Segment Start: Records for the task
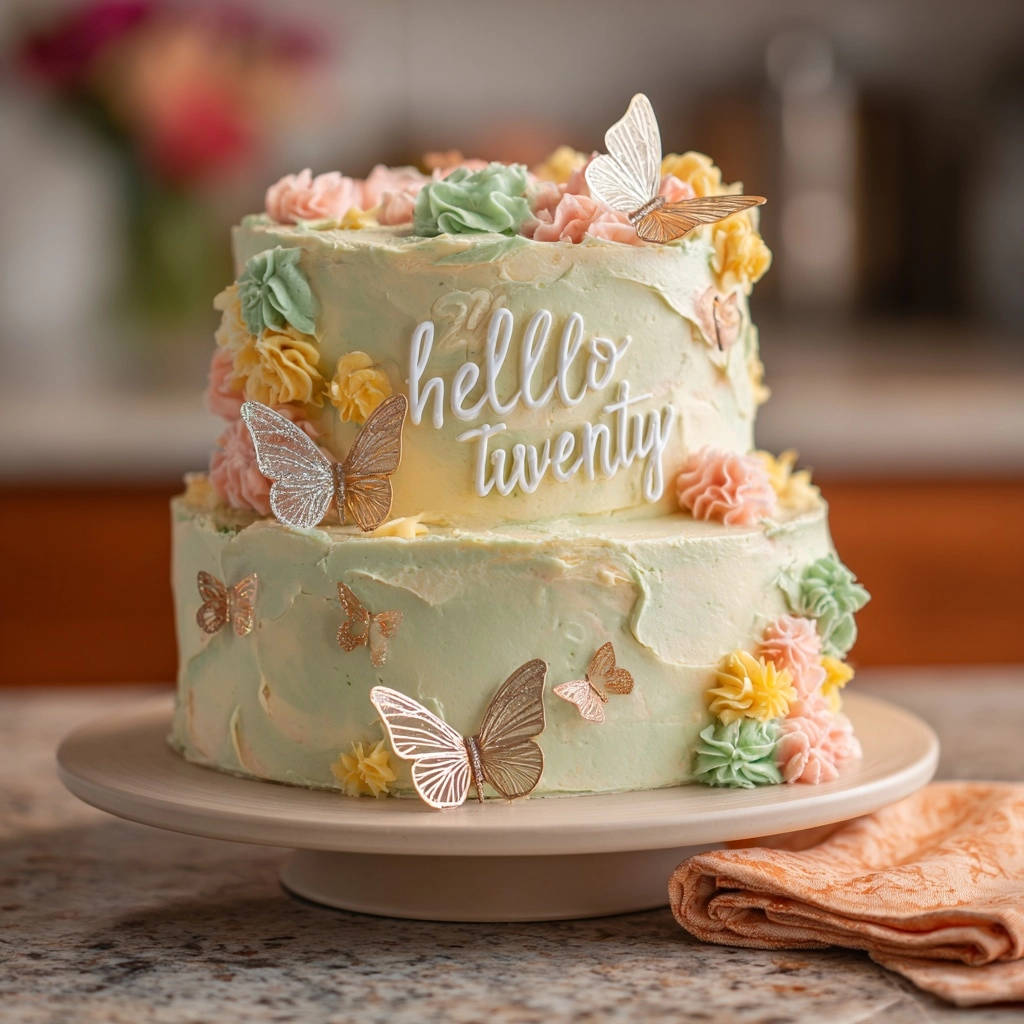 Spring Blossom Buttercream Cake, a two-tier cake decorated with buttercream flowers and delicate butterflies.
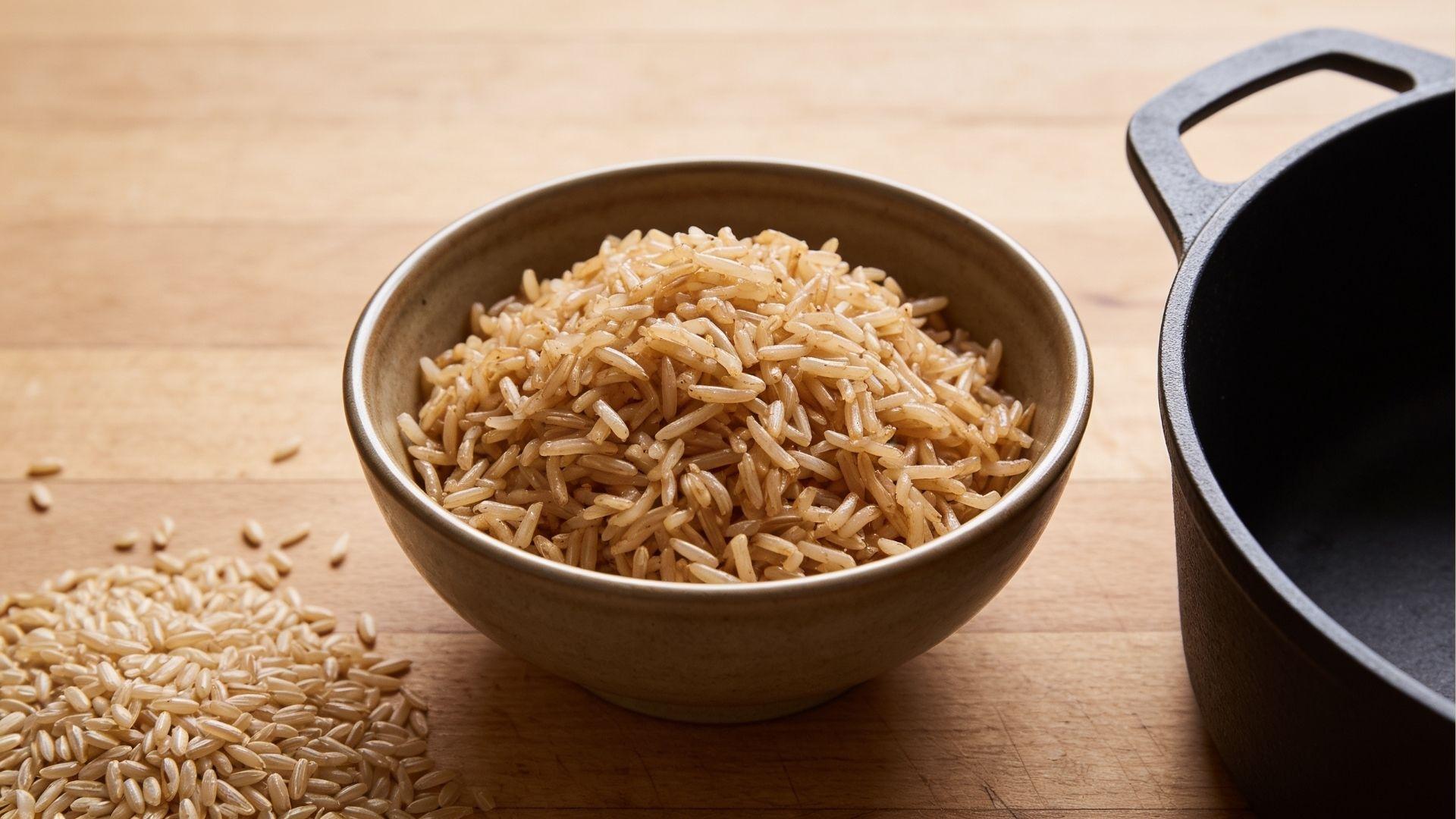 Fluffy brown basmati rice with long separate grains in a bowl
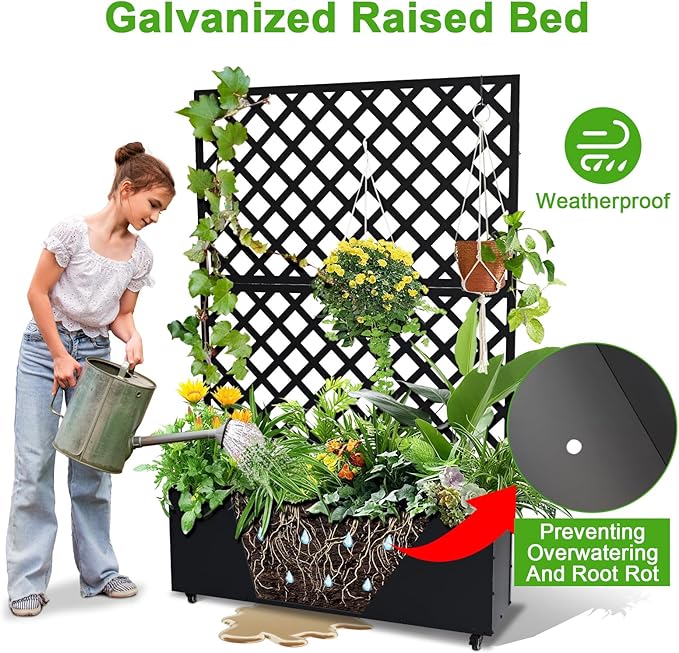Metal Raised Garden Bed with Trellis &amp Wheels 72.83x46.46x11.81 Galvanized Metal Planter Box with Drainage Holes &amp Privacy Screen for Patio Balcony Climbing Plants Flowers Vegetable Black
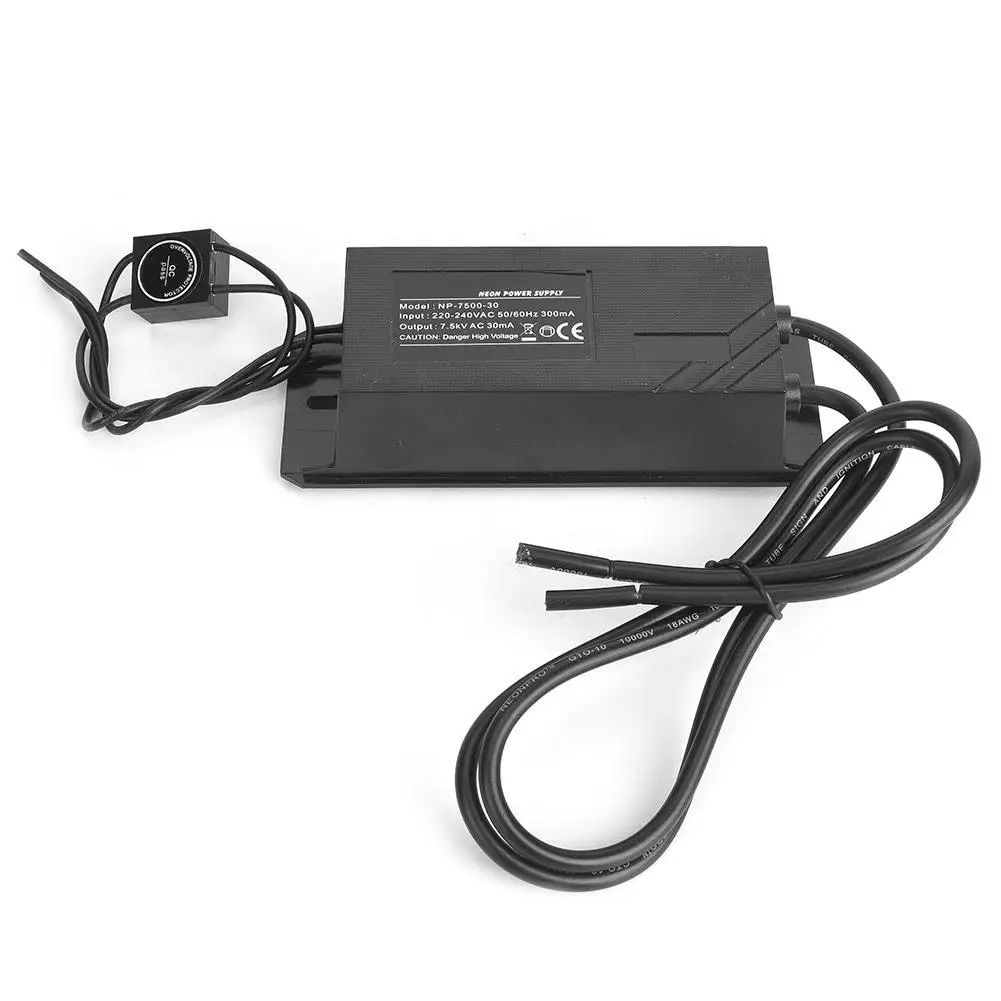 

Neon Light Electronic Transformer Power Supply 7500V 30mA LED Neon Sign Transformer 7.5KV 30mA Power Supply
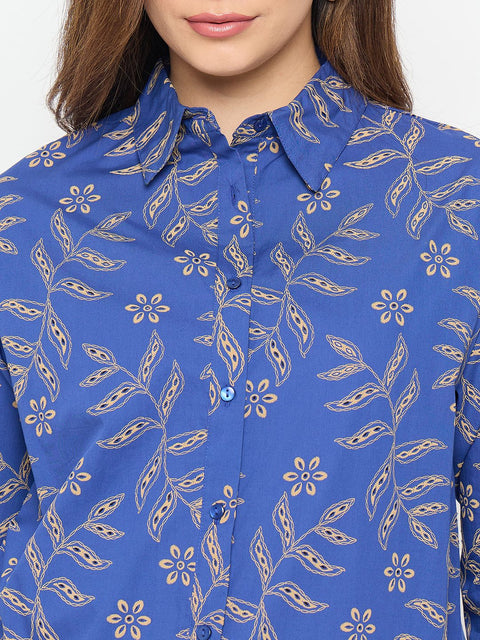 Blue Embroidered Summer Shirt for Women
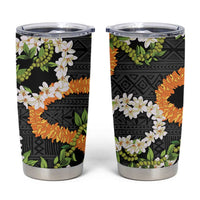 Aloha Festive Hawaii Tumbler Cup Mokihana - Maile and Ilima on Black - Polynesian Pride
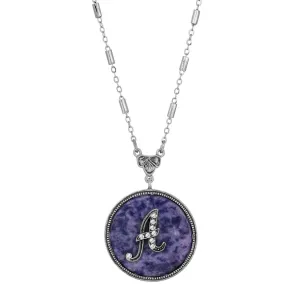 1928 Jewelry Blue Sodalite Gemstone Initial Necklace 18"L 1928 Jewelry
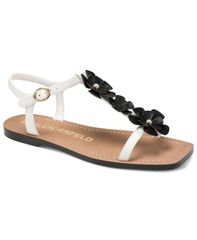 컬 라거펠드 여성 신발 샌들 KARLAGERFELD PARIS Womens Margate Flat Sandals Bright White 화이트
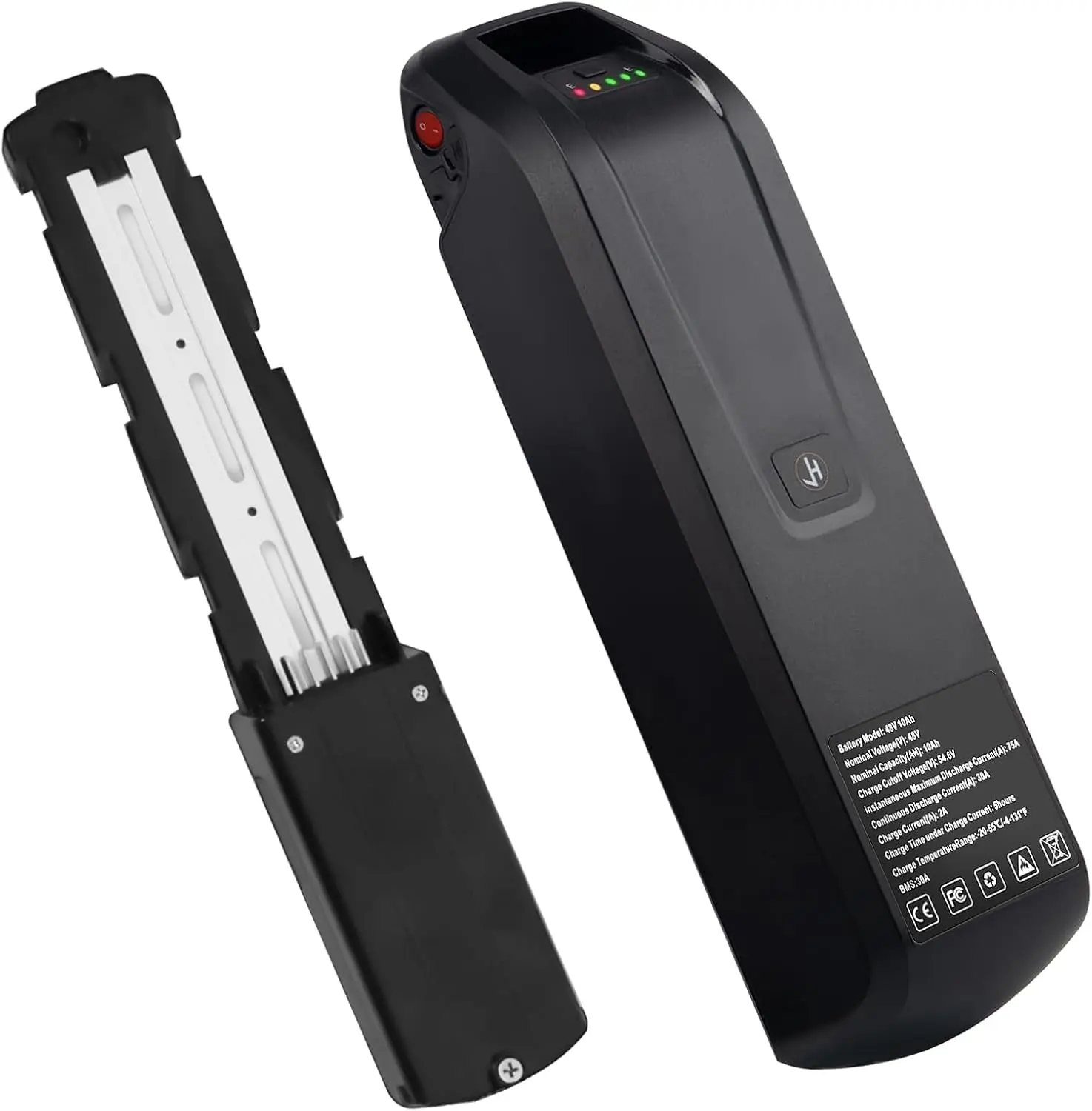 Bydrena Ebike Battery 48V 10AH with 54.6V 2A Charger & Safe Lock USB Port 5-Pin Replacement for Electric Bicycle Scooter Motorcycle Tricycle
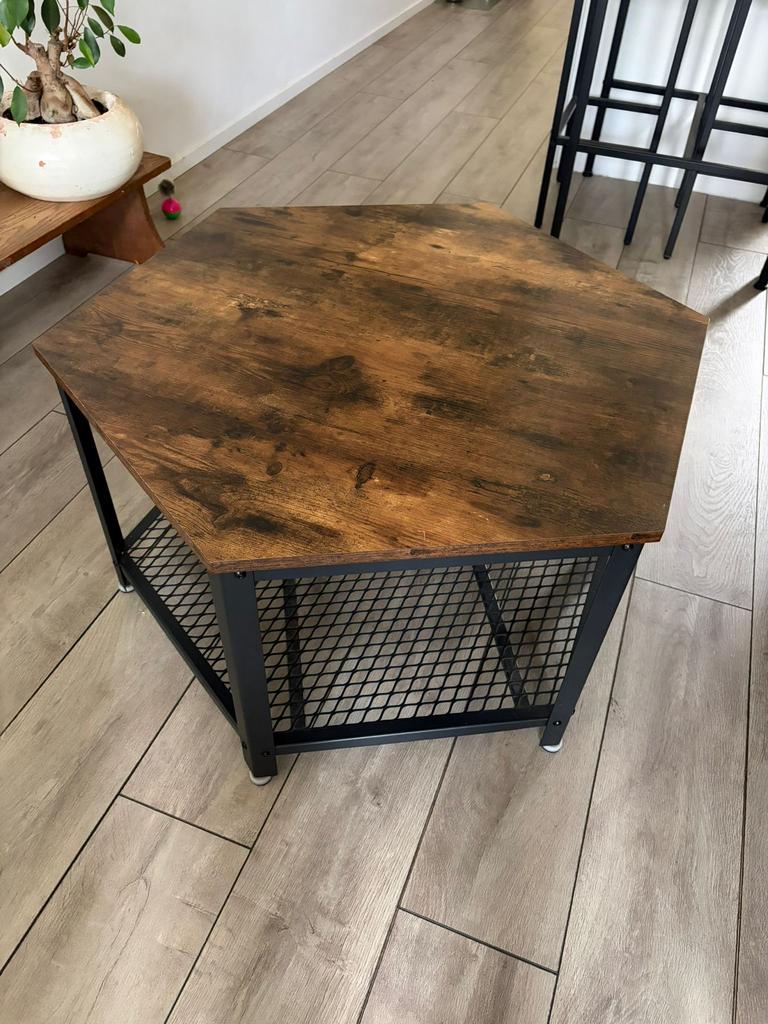 Industriële salontafel, Ophalen, 100 tot 150 cm, 50 tot 100 cm, Zo goed als nieuw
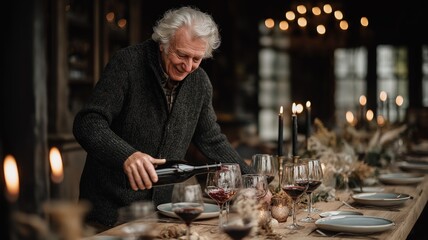 An elderly man pouring red wine at a festive candlelit dinner table in a rustic home interior with Christmas decorations, expecting guests
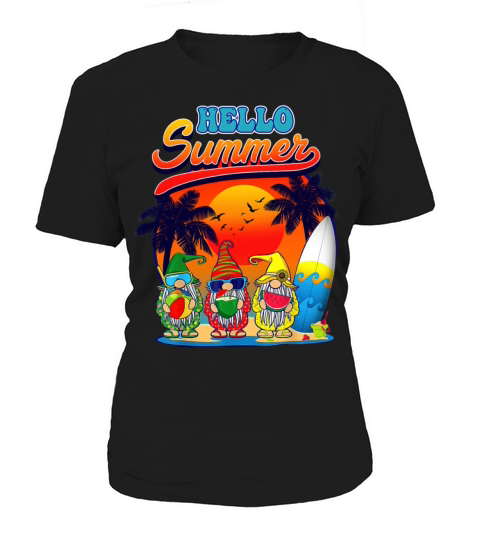Hello Summer Vacation Garden Gnomes Beach Vibes Women's T-Shirt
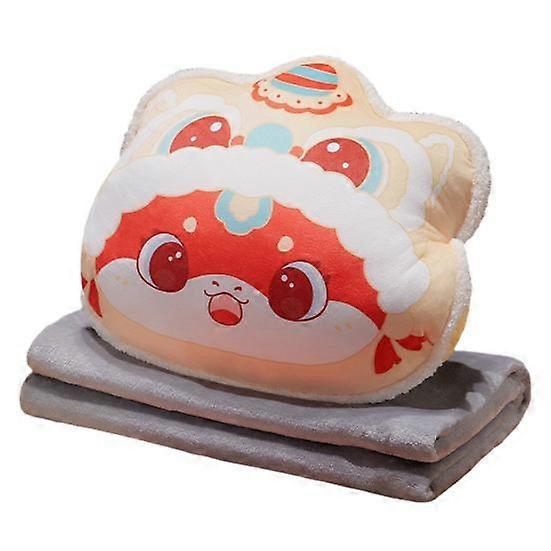 Stuffed Animal Travel Blanket And Pillow Set 3-in-1 Plush Cartoon Snake Throw Pillow with Hands Warming Design for Travel Airplane Train Bed Nap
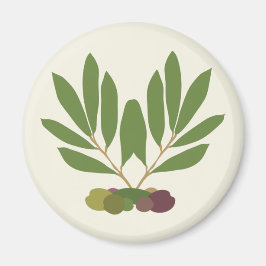 Imán Aceitunas y ramas minimalistas.
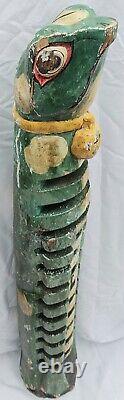 Vintage 32 Folk Art Wood Carved OOAK Handmade Lizard Gecko Frog Totem CD Holder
Segment End: Records for the task
* _What to work on_
Omit the pictures and write out the lines above from the one with "컬 라거펠드 여성 신발" through the last, unchanged.

* _Response to this task_
 컬 라거펠드 여성 신발 샌들 KARLAGERFELD PARIS Womens Margate Flat Sandals Bright White 화이트
 Bydrena Ebike Battery 48V 10AH with 54.6V 2A Charger & Safe Lock USB Port 5-Pin Replacement for Electric Bicycle Scooter Motorcycle Tricycle
 Industriële salontafel, Ophalen, 100 tot 150 cm, 50 tot 100 cm, Zo goed als nieuw
 An elderly man pouring red wine at a festive candlelit dinner table in a rustic home interior with Christmas decorations, expecting guests
Hello Summer Vacation Garden Gnomes Beach Vibes Women's T-Shirt
 Stuffed Animal Travel Blanket And Pillow Set 3-in-1 Plush Cartoon Snake Throw Pillow with Hands Warming Design for Travel Airplane Train Bed Nap
 Imán Aceitunas y ramas minimalistas.
 Vintage 32 Folk Art Wood Carved OOAK Handmade Lizard Gecko Frog Totem CD Holder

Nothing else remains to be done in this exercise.